REV. JOHN WISWELL.

John and Thomas Wiswell were early residents of Dorchester. John's name is found in the records as early as 1634. His brother Thomas came to Dorchester about 1635. Noah, son of Thomas, born in 1640, was a military man, and was in command in the desperate battle with the Indians near Wheelwright's Pond, N. H., where he and his son John were killed, July 6th, 1690. Another son of Thomas, Inchabod, born in 1637, was minister of Duxbury. He had a son Peleg, born in 1683, who was schoolmaster at Charlestown in 1704. John Wiswell, son of Peleg, married Elizabeth, daughter of Dr. Samuel Rogers, graduated from Harvard College in 1705, was a master of a Boston Grammar School in 1719. He died in 1767, aged 84 and is buried in Copps Hill burying ground.

John Wiswell, son of the aforesaid, was born in 1731, and graduated from Harvard College in 1749. In 1753 he was teaching school in Maine, but he pursued the study of divinity as a Congregationalist. Occasionally he preached, and in 1756 he was invited to become the pastor of the New Casco parish in Falmouth, now Portland, and was ordained November third of that year. In 1761 he married Mercy, the daughter of Judge John Minot, of Brunswick.

In 1764 John Wiswell suddenly changed his religious views and left his people. He embraced the Episcopal form of worship, and preached for several Sundays in the town-house. On September 4, 1764, the Parish of St. Paul's Church, Falmouth, was organized and Mr. Wiswell was invited to become their rector. For want of a bishop in the colonies, he was obliged to go to England to receive ordination. A writer at this time says, "There was a sad uproar about Wiswell, who has declared for the church and accepted of the call our churchmen have given him to be their minister." They voted him £100 a year and later he received £20 as a Missionary from the Missionary Society. After a year's elapse, he was able to report to the Society in London for the propagation of the Gospel in Foreign Parts, that his Congregation had increased to seventy families, and the admittance of twenty-one persons to the communion. In 1765 the parish addressed a letter to the Rev. Mr. Hooper of Boston, asking his good offices in enlisting the sympathy of the churchmen there, in behalf of their oppressed fellow-worshippers in Falmouth. John Wiswell was an ardent Loyalist, as were about twenty of the leading men of his church. He continued to preach until the revolution broke out. After the trouble came in the colonies, he was seized while out walking one day with Captain Mowatt, by Colonel Samuel Thompson of Brunswick, who had arrived with about fifty men unknown to the inhabitants. Colonel Thompson refused to release Mr. Wiswell, and Captain Mowatt, but finally seeing that the town was against him, he consented to release them if they would give their parole to deliver themselves up next day. After his capture, the clergyman was obliged to declare his abhorrence of the doctrine of passive obedience and non-resistance, and was then released. Mr. Wiswell now joined the British Forces, and after going on board a man-of-war addressed a letter to the wardens of his church, resigning his charge. After Captain Mowatt burned Falmouth, he sailed to Boston, and then to England. After leaving his parish he was for three years a chaplain on the British Naval Ship Boyne, and later for a short time was a curate in Suffolk. He and fifteen others from Falmouth had their estates confiscated, and were banished.

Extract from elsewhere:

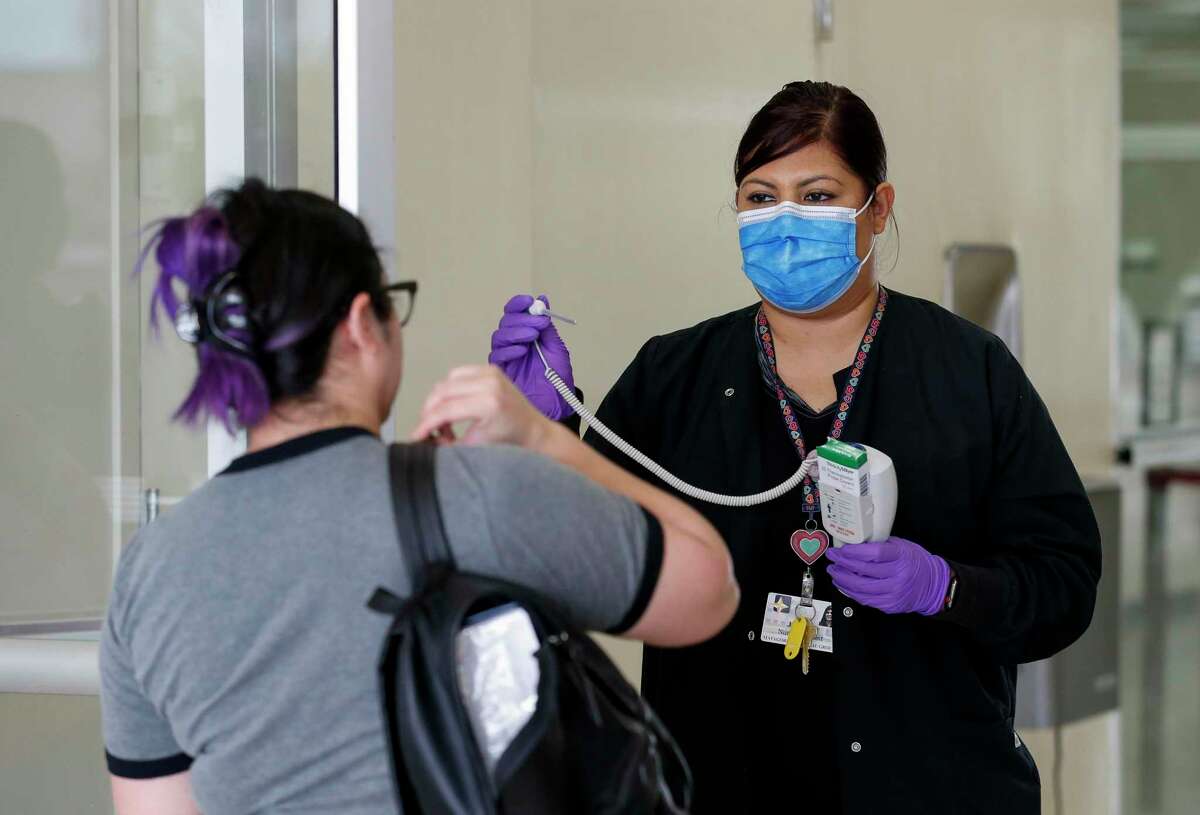 A health professional with the Matagorda Medical Group checks the temperature of a woman entering the Matagorda County Court House in Bay City, Texas, in this March 17, 2020, file photo.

At the close of the war, Mr. Wiswell accepted the call of some of his former parishioners, and settled in Cornwallis, Nova Scotia, over a parish they had formed there, and in 1782 he was appointed a missionary of that place. Having lost his first wife, he married a widow Hutchinson from the Jerseys, as the Rev. Jacob Bailey, the frontier missionary writes, who married them. John Wiswell was afterwards a missionary at Aylesford, and after a very full and worthy life, died at Nova Scotia in 1812, at the age of eighty-one. He left two sons, born in Falmouth, who were Lieutenants in the Navy. Peleg, one of his sons, was appointed Judge of the Supreme Court, of Nova Scotia, in 1816 and died at Annapolis in 1836, at the age of seventy-three. When the Rev. John Wiswell lived in Falmouth, Maine, he occupied a house painted red, which stood on the corner of Middle and Exchange Streets, afterwards owned and occupied by James Deering, and which gave place to the brick block built by that gentleman.